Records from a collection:

* * * * *

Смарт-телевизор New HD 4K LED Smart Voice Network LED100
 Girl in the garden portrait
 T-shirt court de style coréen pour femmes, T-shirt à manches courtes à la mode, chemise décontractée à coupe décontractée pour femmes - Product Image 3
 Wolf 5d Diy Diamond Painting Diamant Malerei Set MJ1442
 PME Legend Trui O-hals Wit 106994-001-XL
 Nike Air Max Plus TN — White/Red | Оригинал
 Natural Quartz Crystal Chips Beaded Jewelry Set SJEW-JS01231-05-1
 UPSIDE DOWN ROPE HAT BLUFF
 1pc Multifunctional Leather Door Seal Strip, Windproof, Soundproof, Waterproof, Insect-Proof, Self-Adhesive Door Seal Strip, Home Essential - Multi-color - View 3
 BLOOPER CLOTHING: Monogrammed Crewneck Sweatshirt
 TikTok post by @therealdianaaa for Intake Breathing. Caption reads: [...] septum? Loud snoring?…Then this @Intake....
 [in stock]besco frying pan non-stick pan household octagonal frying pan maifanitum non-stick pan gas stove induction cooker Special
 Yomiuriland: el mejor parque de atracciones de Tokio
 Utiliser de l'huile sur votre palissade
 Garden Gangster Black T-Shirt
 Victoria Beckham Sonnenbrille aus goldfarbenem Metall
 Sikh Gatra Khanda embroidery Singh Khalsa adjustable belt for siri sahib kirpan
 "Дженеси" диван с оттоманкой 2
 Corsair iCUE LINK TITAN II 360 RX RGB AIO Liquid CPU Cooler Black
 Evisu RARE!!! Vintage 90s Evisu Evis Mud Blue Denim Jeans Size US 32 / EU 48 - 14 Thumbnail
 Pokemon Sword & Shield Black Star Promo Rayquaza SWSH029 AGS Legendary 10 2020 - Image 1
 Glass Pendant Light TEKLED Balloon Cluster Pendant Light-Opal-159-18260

* * * * *

» AIM OF THE TASK: Whenever the string "Black" shows up in a line above, copy that line.

» RESPONSE TO THE EXERCISE:
 Garden Gangster Black T-Shirt
 Corsair iCUE LINK TITAN II 360 RX RGB AIO Liquid CPU Cooler Black
 Pokemon Sword & Shield Black Star Promo Rayquaza SWSH029 AGS Legendary 10 2020 - Image 1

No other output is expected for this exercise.